In “Novel Temporalities and the Beings of Fiction,” R. John Williams presents a challenging, thought-provoking suggestion: what if our most utopian dreams for literature—that literature could be not merely fictional but ontological—had already been realized, but in the hands of transnational corporations? For many years now, corporations have employed professional writers to create “scenarios,” detailed fictional accounts of future situations to which the company may have to adapt. What is most surprising about William’s fascinating example is the attitude corporations take toward these fictions. A scenario should not simply confirm the corporation’s already existing plans and direction; it should challenge the corporation’s assumptions, making it more flexible and open. Corporations, it turns out, take literature very seriously. The uncanny similarities between scenarios and the goals of humanist education may give us pause. If the novel is a technology, what does it do? To what ends can it be put?

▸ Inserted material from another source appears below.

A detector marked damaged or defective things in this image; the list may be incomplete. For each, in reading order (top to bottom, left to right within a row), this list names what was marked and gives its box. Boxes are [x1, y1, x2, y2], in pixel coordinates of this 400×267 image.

In the spirit of academic discussion, Novel Technologies raised numerous questions. What kind of technology is the novel? Machinic? Industrial? Cybernetic? Is such a technology entrenched in oppressive power relations and thus bound to reproduce them? Or could the novel pose potentially emancipatory possibilities to structures of power and domination? Is the relationship between the novel and technology metaphorical, or metonymic? Can we pursue the comparison with technology without sacrificing the literary specificity of the novel? These questions suggest a productive line of inquiry that resonates with the current proliferation of technologies.
The comparison between the novel and technology allows for a different understanding of literature, but it may also contribute to a more nuanced picture of technology. If technology complicates the humanist assumptions underlying our normal conceptions of the novel, literature, in turn, may enable a more humanized notion of technology, wherein technology could appear, as Walter Benjamin proposed, not as second nature but as an intrinsic aspect of a politics that orchestrates playful encounters of humanity and nature.